Synthesizers owe the likes of Brian Eno, Jean-Michel Jarre, and Bob Moog for their success. Music for Airports and Zoolook are two of the many jewels in the crowns of these electronic maestros. Brian Transeau, a.k.a. BT, developed his electronic chops on a foundation of classical training. Early work focused on house- and trance-driven arrangements, while This Binary Universe resembles Enos ambient work. On first listen, it comes off as a rip-off, a collection of swirling deliberate melodies searching for context.
I found perspective when I tossed aside the CD and spun up the DVD. I was reminded of film composer Bernard Herrmann. He was Alfred Hitchcocks longtime collaborator, and, to me, a Herrmann score is not listenable without the visuals. Herrmann was a master of punctuation. His music was a companion to the picture, not a substitute for it. The same can be said for This Binary Universe, which comes alive only when its visual artistry and multichannel mix are present together. The multichannel audio and hallucinatory visuals immerse the listener in the material.

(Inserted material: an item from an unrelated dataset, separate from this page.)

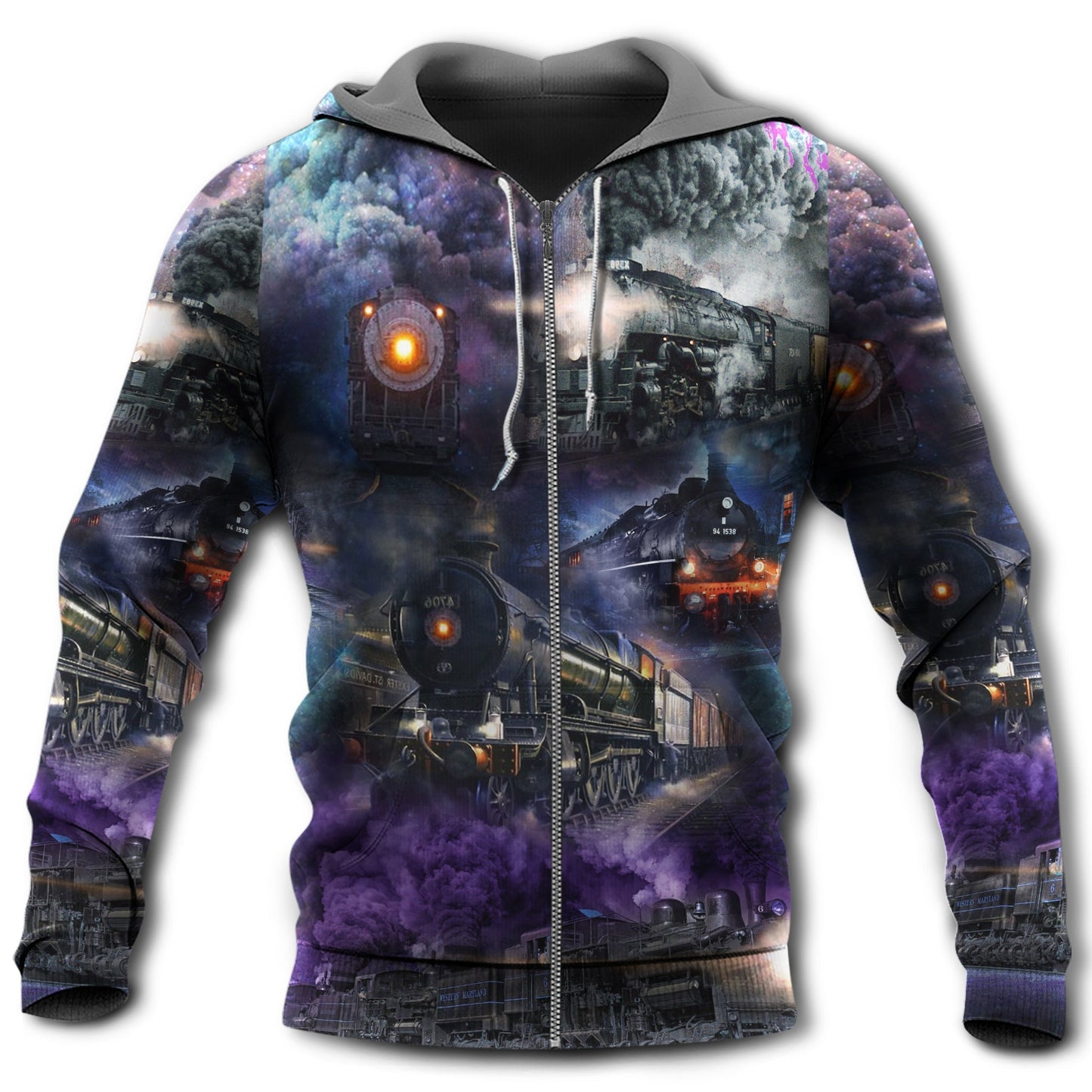 Night Train Billowing Smoke Style - 3D Hoodie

Not one track sticks out as better than the others. This Binary Universe is an experience that requires you to put aside an hour and twenty minutes of your evening, sit back in the dark in front of a large-screen monitor and your multichannel-audio system, and hit "Play All." Technically, there is little to criticize. Aurally, the DTS and two-channel mixes are almost too clean and free of distortion, while the art gallery of images offers excellent visual clarity and depth.